Johnson’s other, and most compelling gift—there are lots of personable people in the world who aren’t good for fuck all else—is an ability to tie things together, and to see where they came from. Charles Babbage was a genius of inestimable insight. His mechanical forerunner of the modern computer anticipated virtually every aspect of computing we have come to take for granted, yet he could never build one; it wasn’t practical without vacuum tubes. The electric light bulb has come to symbolize an inventor’s “Eureka!” moment, yet Edison did not have such a moment when working on his bulb. Edison did not, in fact, invent the first bulb. He didn’t even invent the first practical bulb, not on his own. What Edison invented was the process—not unlike an assembly line—that allowed his teams of engineers and scientists to create the first practical bulb. While it may seem prosaic to the average person, that’s the invention that has more lasting implications: creating a process than can be scaled and duplicated.

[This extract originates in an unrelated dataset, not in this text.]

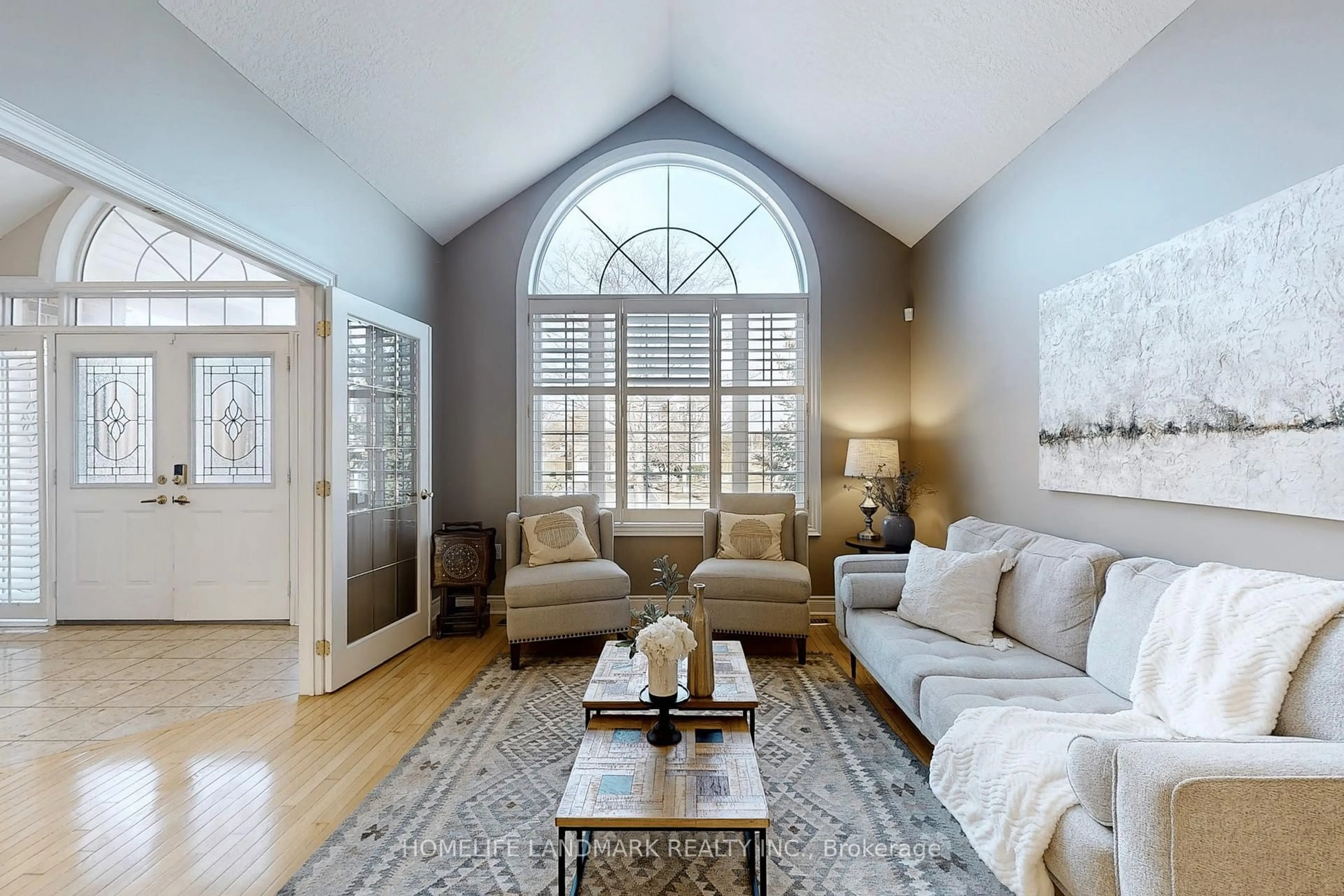 Living room with furniture, unknown for 2314 Woodridge Way, Oakville Ontario L6H 6S3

Where Good Ideas Come From ends with an attempt to quantify how the major scientific and technological advances of the past several hundred years came to be. Conventional Wisdom, at least in this country, holds these advances are the work of entrepreneurs working with profits foremost in their minds. Looking at the origins of key advances shows they are far more likely to come about through non-market-oriented collaborative networks, in part because market-driven innovation creates knowledge silos, and doesn’t continue down roads that do not appear to be profitable. The collaborative approach avoid both pitfalls.

I can get down a rabbit hole talking these books; they fascinate me. You’ll have a lot more fun, and learn exponentially more, by reading them yourself. Johnson now occupies a unique position in my reading rotation: the only non-fiction writer on it. I have every intention of reading everything he writes, which means I should never run out of fresh material. Johnson’s 13 years younger than I.